Wow, that’s high praise. Thanks, Jack!
I quote Maraxus.
http://bbs.stardestroyer.net/viewtopic.php?f=22&t=161693
Of course! And the people on the Travis Commissioner’s Court would have tossed Lehmberg out on her ass a long time ago. They’re not doing it because there are, frankly, more important things at stake. In a state like Texas where the GOP has historically run roughshod over the Dems, they cannot afford to lose powerful positions like this. Considering the number of cases coming out of the PIU, including, incidentally, a Perry-allied ex-official who channeled millions of dollars to some of his big contributors, the Travis DA’s office has more influence than just about any Democrat in the state. If Perry didn’t have the right to appoint her replacement, and he almost assuredly would have appointed a fairly right-wing replacement, I’m sure the Travis County Dems would like to tell Lehmberg to take a short walk off a long pier. Unhappily, there are more important considerations at hand.– Maraxus, posting in support of the indictment of Governor Rick Perry on the StarDestroyer.net forums
What would you reply to Maraxus?
I still cannot understand why people think Thomas should resign. He did not break any laws or rules as none existed requiring him to disclose the trips, there is no indication or evidence that trips or anyone else that was on the same trips affected his decision making (other wise the lefty media would have made those claims).
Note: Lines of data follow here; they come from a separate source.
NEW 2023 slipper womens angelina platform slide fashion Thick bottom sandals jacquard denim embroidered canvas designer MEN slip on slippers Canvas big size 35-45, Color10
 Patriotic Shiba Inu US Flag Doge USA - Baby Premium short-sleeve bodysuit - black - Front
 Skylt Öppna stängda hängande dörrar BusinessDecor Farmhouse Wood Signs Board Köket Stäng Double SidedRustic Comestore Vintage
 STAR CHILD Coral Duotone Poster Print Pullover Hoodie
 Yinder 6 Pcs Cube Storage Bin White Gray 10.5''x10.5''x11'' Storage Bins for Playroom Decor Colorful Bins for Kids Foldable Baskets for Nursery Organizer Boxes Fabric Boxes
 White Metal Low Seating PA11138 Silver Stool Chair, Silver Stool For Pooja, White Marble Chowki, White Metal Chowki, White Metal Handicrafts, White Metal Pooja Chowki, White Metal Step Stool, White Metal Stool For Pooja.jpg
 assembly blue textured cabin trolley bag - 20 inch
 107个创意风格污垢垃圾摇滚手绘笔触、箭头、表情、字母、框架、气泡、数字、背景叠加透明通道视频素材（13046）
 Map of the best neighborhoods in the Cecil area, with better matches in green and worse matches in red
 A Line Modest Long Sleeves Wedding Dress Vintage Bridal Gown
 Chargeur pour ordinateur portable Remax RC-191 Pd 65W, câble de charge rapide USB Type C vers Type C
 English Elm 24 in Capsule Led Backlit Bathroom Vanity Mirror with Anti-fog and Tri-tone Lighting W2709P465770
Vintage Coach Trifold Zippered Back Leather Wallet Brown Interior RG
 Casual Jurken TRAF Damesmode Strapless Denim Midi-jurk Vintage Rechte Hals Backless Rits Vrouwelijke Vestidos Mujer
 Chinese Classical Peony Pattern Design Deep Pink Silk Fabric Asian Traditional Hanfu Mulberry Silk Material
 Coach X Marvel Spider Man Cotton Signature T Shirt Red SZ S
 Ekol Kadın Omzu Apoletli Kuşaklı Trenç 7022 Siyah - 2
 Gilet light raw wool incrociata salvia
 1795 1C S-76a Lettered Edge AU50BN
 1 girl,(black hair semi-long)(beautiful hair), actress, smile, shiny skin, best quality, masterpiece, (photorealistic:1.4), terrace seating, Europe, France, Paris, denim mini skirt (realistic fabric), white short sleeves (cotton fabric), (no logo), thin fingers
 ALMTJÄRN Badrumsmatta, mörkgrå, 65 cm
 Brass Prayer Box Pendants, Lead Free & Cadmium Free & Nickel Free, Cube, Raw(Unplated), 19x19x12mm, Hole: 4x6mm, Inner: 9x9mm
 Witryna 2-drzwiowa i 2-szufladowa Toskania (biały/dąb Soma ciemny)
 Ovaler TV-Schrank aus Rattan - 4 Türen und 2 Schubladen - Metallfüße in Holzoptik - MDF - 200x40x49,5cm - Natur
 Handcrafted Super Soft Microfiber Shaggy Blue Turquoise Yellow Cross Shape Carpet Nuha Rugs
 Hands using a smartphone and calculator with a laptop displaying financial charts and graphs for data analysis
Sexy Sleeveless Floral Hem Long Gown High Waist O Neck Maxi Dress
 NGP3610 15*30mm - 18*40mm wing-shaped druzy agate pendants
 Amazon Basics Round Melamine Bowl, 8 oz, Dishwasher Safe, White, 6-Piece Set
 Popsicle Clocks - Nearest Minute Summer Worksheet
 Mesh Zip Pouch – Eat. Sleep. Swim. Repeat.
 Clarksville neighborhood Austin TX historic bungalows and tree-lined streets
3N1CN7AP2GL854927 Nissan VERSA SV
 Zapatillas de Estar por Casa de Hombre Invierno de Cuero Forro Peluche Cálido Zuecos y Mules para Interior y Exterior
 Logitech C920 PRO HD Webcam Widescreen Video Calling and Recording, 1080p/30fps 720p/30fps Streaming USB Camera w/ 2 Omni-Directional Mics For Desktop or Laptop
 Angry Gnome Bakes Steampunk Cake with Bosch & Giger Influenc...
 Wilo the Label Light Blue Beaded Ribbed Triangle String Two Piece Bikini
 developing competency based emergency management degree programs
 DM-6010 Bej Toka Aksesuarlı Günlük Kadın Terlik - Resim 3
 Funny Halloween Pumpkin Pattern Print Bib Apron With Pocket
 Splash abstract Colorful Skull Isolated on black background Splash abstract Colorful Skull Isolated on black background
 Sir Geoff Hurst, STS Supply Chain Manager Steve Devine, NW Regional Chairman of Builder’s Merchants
Basically it comes down to (supposedly) needing to maintain faith in the integrity of the institution of SCOTUS. However, here’s the thing: the vast majority of people (all except few purist ethicists like Jack) who are claiming that Thomas’ actions undermine that faith never believed in the integrity or impartiality of the Court; rather, they always viewed the Court as an institution that they control and use to shove through policy and societal changes that they cannot push through the legislative process.
They are simply unhappy with the Court’s conservative majority and particularly with the presence of Thomas (black conservative), and want him out, and never cared nor will they ever care about integrity and faith therein.
I’m tempted to make a post out of all the fallacies you’re listing here, Ron.
That there is no “rule” that SCOTUS jutsices are officially liable to have enforced against them doesn’t mean there is no rule: the rule is in the Code governing US judges: Canon 2: A Judge Should Avoid Impropriety and the Appearance of Impropriety in all Activities
(A) Respect for Law. A judge should respect and comply with the law and should act at all times in a manner that promotes public confidence in the integrity and impartiality of the judiciary.
The only reason SCOTUS is not governed by this rule is the beliefe that as the best of the best, Supreme Court Judges don’t need a Code because their integrity is beyond reprach—because it MUST be beyond reproach for the Court to function. Thomas has proven that he does not have the requisite integrity, and thus will only avoid the appearance of impropriety if he is forced to: thus he is not qualified to be on the Supreme Court.
Then, incredibly, you argue that his trust-destroying conduct doesn’t matter because so many people don’t trust the Court anyway! hell, why not let the Justices take bribes then?? You’re avoiding ethics with spin, and not even very effective spin.